God and Man


Introduction

Christianity is not based on reason or tradition, but on a revelation from God. Unlike the religions of the world, it is not the product of man’s mind but is simply what God has been pleased to make known to His creature. Once we step outside the bounds of that revelation then our thoughts are no longer concerned with what God has said, but with what man thinks. Stay with the revelation and we can be completely certain it is absolute truth, for it is what God has said. Abandon the revelation or indulge in speculation concerning it and we will be “tossed and carried about by every wind of that teaching [which is] in the sleight of men” (Eph. 4: 14). The peril is more real than many are conscious of.

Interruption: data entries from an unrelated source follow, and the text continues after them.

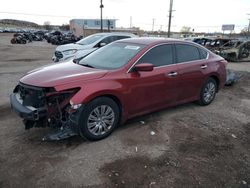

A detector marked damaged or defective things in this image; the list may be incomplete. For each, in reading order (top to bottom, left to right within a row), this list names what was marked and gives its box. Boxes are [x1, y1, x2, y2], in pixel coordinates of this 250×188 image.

damaged front end [10, 83, 82, 140]
crumpled hood [20, 62, 107, 88]
wrecked vehicle [10, 38, 227, 141]
wrecked vehicle [218, 40, 249, 61]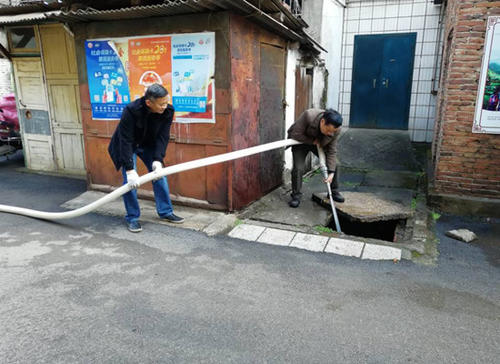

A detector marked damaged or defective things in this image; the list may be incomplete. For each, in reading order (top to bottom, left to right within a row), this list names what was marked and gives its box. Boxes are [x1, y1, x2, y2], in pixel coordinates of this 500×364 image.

rusty metal door [258, 42, 286, 193]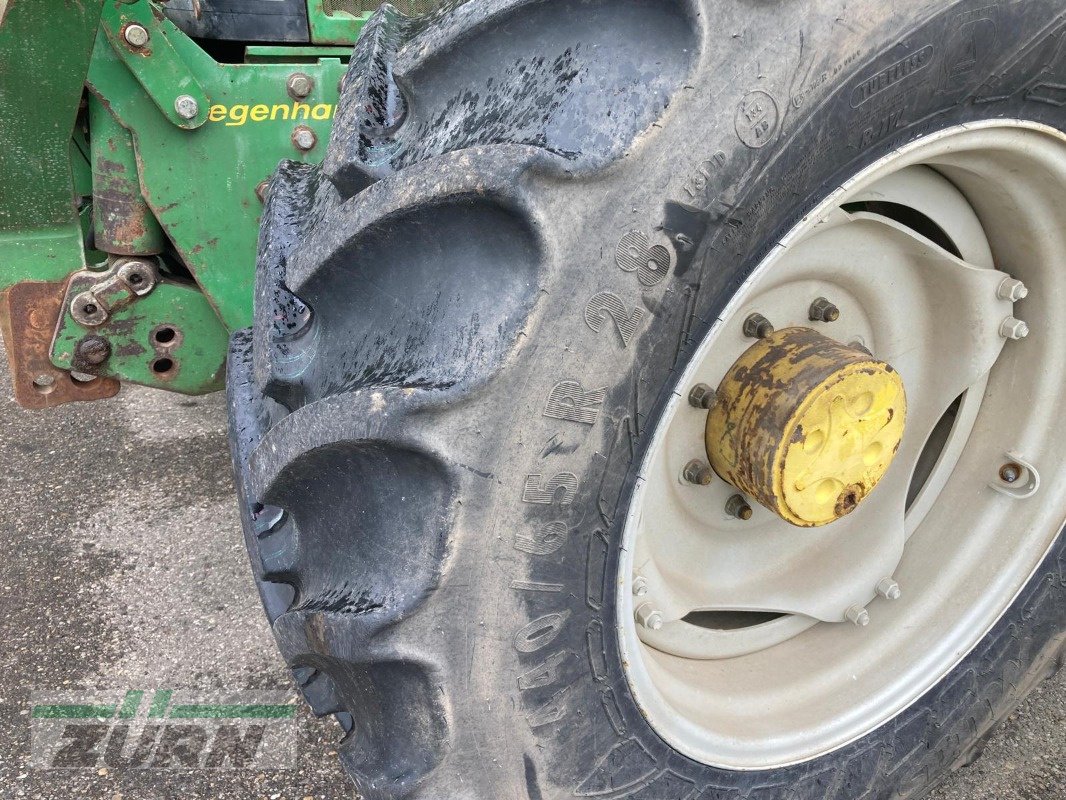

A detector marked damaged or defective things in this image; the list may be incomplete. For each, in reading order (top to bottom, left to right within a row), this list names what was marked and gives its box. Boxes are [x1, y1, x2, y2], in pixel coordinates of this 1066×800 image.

rusty metal component [0, 282, 118, 410]
rusty metal component [69, 260, 158, 326]
rusty metal component [740, 310, 772, 340]
rusty metal component [808, 296, 840, 322]
rusty metal component [688, 382, 716, 410]
peeling paint hub [708, 324, 908, 524]
rusty metal component [708, 328, 908, 528]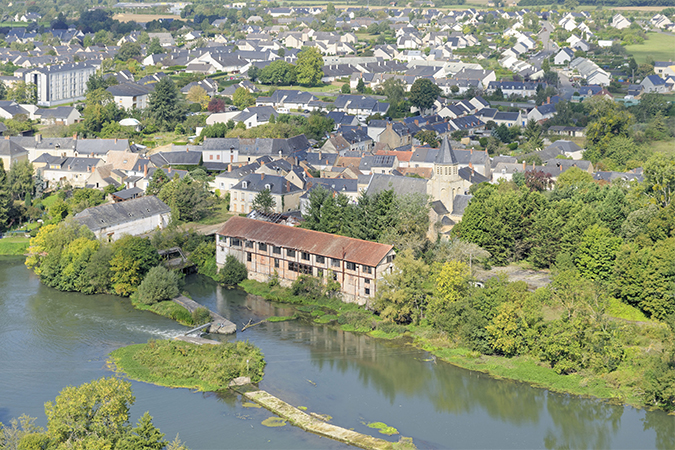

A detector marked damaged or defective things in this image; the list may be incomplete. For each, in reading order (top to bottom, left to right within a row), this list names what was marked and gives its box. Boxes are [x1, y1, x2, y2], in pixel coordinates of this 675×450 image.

rusted metal roof [219, 217, 394, 268]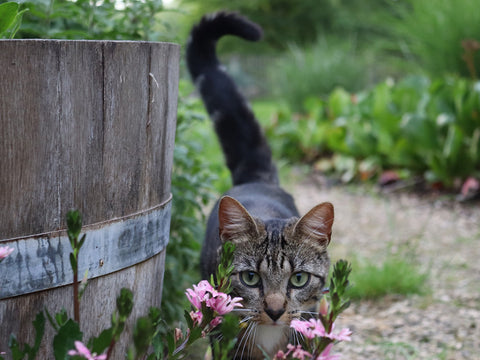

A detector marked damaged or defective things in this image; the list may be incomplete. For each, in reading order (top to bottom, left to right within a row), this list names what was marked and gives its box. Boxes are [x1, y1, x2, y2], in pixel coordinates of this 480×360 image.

   These things are particularly important when we come to the Lord Jesus Christ and who He is. In Matthew 16, the Lord asked the disciples “But ye, who do ye say that I am?” (v15). He not only commends Peter’s answer that “Thou art the Christ, the Son of the living God” (v16) but gives the basis for that commendation: “for flesh and blood has not revealed [it] to thee, but my Father who is in the heavens” (v17, my emphasis). Peter spoke the truth about the Lord Jesus because he was giving utterance to the divine revelation he had received. By contrast, many since, both infidel and believing, have engaged in speculation as to “[the] person of Christ” (2 Cor. 2: 10). This is the height of presumption and foolishness—the divine revelation is explicit that “no one knows the Son but the Father” (Matt. 11: 27). There is thus a divine mystery attached to His person, and this makes it all the more imperative to restrict our pronouncements concerning Him to what God has revealed in His Word.

God and Man not God–Man

That the Lord Jesus is both God and man is given ample testimony to in Scripture. As to His deity, the book of Hebrews is conclusive: “but as to the Son, Thy throne, O God, [is] to the age of the age, and a sceptre of uprightness [is] the sceptre of thy kingdom” (Heb. 1: 8). The same book is equally clear about the reality of the Lord’s manhood: “What is man, that thou rememberest him, or son of man that thou visitest him? Thou hast made him some little inferior to the angels; thou hast crowned him with glory and honour, [and hast set him over the works of thy hands;] thou hast subjected all things under his feet … But now we see not yet all things subjected to him, but we see Jesus …” (Heb. 2: 6–9). This is not the God-Man that some talk about, a repulsive title that implies a hybrid, part God and part man—no, this is the One who is God and is man. He is both the root and the offspring of David (see Rev. 22: 16). We may not be able to explain it, but we believe it, and we believe it because God has said it.

My God and Your God

Ephesians 1: 3 begins “Blessed [be] the God and Father of our Lord Jesus Christ …” (v3). Some would make a difficulty here. So anxious are they to guard the deity of Christ that they will not allow the force of what the revelation clearly teaches, namely that God is the God of the Lord Jesus Christ. Why do they have a difficulty? Because they are attempting to explain the unexplainable rather than simply accepting at face value what the Bible says.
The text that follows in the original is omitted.